I told her that I would consult her in every case before passing the order. There are some senior Judges who do not like their junior on the bench differing from them, but I was not one of them. On the bench we are equals in judicial matters, and her voice would carry as much weight as mine.
I told her that her that in the Allahabad High Court, I was once sitting with a senior Judge. He started passing orders without even consulting me. When I told him politely that he should consult me before passing orders, he got offended. I told him that then what was the purpose of my being on the bench ? Was I there only for signing orders which had been passed by him ?
I also told Justice Mishra that she had the right to put questions to the lawyer arguing a case, or express her own views in a case, directly. Some senior Judges are upset if the junior Judge on the bench asks questions to the lawyer or makes a comment directly, and they insist that if the junior has a question to ask, or some comment to make, he should tell it to the senior Judge, and the senior would do it. But I do not see why the junior Judge cannot do so directly.
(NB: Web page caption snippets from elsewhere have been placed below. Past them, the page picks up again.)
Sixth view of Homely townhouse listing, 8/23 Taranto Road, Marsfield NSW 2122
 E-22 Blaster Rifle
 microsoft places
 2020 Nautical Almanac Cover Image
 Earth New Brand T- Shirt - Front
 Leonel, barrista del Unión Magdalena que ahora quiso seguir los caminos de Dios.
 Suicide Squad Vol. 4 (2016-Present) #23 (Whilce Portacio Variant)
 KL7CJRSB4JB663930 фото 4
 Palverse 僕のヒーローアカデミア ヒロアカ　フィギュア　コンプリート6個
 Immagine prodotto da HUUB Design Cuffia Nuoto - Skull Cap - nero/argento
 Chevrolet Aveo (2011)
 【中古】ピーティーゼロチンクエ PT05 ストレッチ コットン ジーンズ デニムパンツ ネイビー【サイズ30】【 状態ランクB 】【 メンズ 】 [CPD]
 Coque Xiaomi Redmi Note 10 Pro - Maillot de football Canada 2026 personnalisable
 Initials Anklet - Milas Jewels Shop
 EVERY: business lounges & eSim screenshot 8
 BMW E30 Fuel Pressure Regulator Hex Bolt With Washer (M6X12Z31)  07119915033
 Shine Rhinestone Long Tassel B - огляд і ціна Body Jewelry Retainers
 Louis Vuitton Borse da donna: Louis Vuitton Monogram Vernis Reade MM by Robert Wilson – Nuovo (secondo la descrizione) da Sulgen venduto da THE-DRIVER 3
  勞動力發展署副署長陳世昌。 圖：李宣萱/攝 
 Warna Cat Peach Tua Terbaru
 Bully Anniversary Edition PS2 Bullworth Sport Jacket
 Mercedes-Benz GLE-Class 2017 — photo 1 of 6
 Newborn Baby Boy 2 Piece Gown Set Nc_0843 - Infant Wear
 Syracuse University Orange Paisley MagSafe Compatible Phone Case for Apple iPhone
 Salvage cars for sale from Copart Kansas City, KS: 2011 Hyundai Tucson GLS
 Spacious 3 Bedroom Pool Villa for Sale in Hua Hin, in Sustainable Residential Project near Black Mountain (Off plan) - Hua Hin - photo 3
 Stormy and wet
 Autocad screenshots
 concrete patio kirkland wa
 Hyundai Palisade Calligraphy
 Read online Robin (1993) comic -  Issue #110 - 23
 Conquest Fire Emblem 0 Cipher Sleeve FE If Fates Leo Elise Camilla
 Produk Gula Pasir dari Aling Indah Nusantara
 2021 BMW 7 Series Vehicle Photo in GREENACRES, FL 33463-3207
When I had recently become a Judge of the Supreme Court, and was the juniormost Judge of the Court, I was sitting with a very senior Judge. In some cases I asked questions directly to the lawyer, or stated my views directly. This apparently so upset my senior that soon thereafter my bench was changed. Perhaps he went to the Chief Justice and told him that he would not like to sit with me.
Justice Mishra expressed her gratitude to me. She said that no senior Judge in the High Court or Supreme Court had ever spoken to her in such a gracious manner. Thereafter, our bench functioned very smoothly, and I would always respect her views, and sometimes even changed my view when I realized that she was right and I was wrong.